Reputation: 108
I'm working on a project involving BitTorrent, where I receive an bitfield as a python string. For example:
bitfield = "000001110100111000110101100010"
I would like to be able to convert the python string into a format so it can be inserted as is into a varbinary(max) column of a MSSQL database using PYODBC. If I try to insert it as a string as is, it of course complains of an illegal conversion error.
Note PYODBC, expects a byte array or buffer as input for a varbinary field according to their documentation.
Any suggestions would be appreciated.
Upvotes: 2
Views: 1040
Reputation: 128
Before I get to code, I'd like to make one recommendation: The 'bitfield' value isn't a length that can be divided into bytes. I'd suggest that anytime you're dealing with bit strings, you grow them in sizes of bytes (e.g. if len(bitfield)%8 != 0: print 'Make sure the bitfield can be fully represented by bytes!') to ensure there is no ambiguity in how fields are manipulated in different programming languages, different libraries within programming languages, and different databases. In other words, the database, python, the library I'm going to recommend, etc. are all going to either store or be able to represent this bitarray in the form of a byte array. If the bitarray provided doesn't divide evenly into bytes, one of three things will happen: 1) An error will be raised, (this is optimistic) 2) The bitarray will be auto-magically left padded. 3) The bitarray will be auto-magically right padded.
I'd recommend using a bitstring library of some sort. I have used python-bitstring for this purpose. I didn't take the time to deal with ODBC here, but the idea is basically the same, and leverages srgerg's answer:
Examples:
#!/usr/bin/python
import pymssql
from binascii import hexlify
from bitstring import BitArray
dbconninfo = {'host': 'hostname', 'user': 'username', 'password': 'secret', 'database': 'bitexample', 'as_dict': True}
conn = pymssql.connect(**dbconninfo)
cursor = conn.cursor()
bitfield = "000001110100111000110101100010"
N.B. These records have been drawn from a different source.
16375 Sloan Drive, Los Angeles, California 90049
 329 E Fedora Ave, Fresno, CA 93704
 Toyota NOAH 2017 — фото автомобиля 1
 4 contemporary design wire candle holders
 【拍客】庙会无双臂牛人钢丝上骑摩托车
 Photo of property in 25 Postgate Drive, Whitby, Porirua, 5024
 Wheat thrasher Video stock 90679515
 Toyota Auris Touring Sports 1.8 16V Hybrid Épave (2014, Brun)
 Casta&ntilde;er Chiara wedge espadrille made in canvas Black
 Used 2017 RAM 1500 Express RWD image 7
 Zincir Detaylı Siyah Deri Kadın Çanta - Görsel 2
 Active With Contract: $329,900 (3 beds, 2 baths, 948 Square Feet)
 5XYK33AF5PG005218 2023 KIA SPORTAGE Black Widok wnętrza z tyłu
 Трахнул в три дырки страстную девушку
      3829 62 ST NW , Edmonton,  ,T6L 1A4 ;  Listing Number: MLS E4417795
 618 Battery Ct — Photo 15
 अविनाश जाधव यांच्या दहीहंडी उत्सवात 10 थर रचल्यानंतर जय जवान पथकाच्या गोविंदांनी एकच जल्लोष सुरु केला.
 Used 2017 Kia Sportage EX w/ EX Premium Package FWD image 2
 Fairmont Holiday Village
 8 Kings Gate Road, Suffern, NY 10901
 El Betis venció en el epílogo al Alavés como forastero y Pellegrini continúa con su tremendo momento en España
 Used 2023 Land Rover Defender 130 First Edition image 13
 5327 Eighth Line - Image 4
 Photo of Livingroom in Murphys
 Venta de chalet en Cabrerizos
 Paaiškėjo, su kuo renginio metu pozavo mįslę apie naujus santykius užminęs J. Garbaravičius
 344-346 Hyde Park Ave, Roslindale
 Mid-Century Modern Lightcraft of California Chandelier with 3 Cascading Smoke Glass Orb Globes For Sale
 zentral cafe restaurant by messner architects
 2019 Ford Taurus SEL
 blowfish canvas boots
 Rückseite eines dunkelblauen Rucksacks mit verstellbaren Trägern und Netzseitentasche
ba = BitArray(bin=bitfield)
print '%32d (bitfield -> BitArray -> int)' % ba.int
cursor.execute("CREATE TABLE bin_test (bin_col varbinary(max) )")
cursor.execute("INSERT INTO bin_test values (%s)", (ba.int,))
cursor.execute("SELECT bin_col FROM bin_test")
results = cursor.fetchone()['bin_col'] # results now contains binary packed data '\x01\xd3\x8db'
conn.rollback()
results_int = int(hexlify(results),16)
print '%32d (bitfield -> BitArray -> int -> DB (where data is binary packed) -> unpacked with hexlify -> int)' % results_int
print '%32s (Original bitfield)' % bitfield
from_db_using_ba_hexlify_and_int_with_length = BitArray(int=int(hexlify(results),16), length=30).bin
print '%32s (From DB, decoded with hexlify, using int to instantiate BitArray, specifying length of int as 30 bits, out as bin)' %
from_db_using_ba_hexlify_and_int_with_length
from_db_using_ba_hex = BitArray(hex=hexlify(results)).bin # Can't specify length with hex
print '%32s (From DB, decoded with hexlify, using hex to instantiate BitArray, can not specify length, out as bin)' % from_db_using_ba_hex
from_db_using_ba_bytes_no_length = BitArray(bytes=results).bin # Can specify length with bytes... that's next.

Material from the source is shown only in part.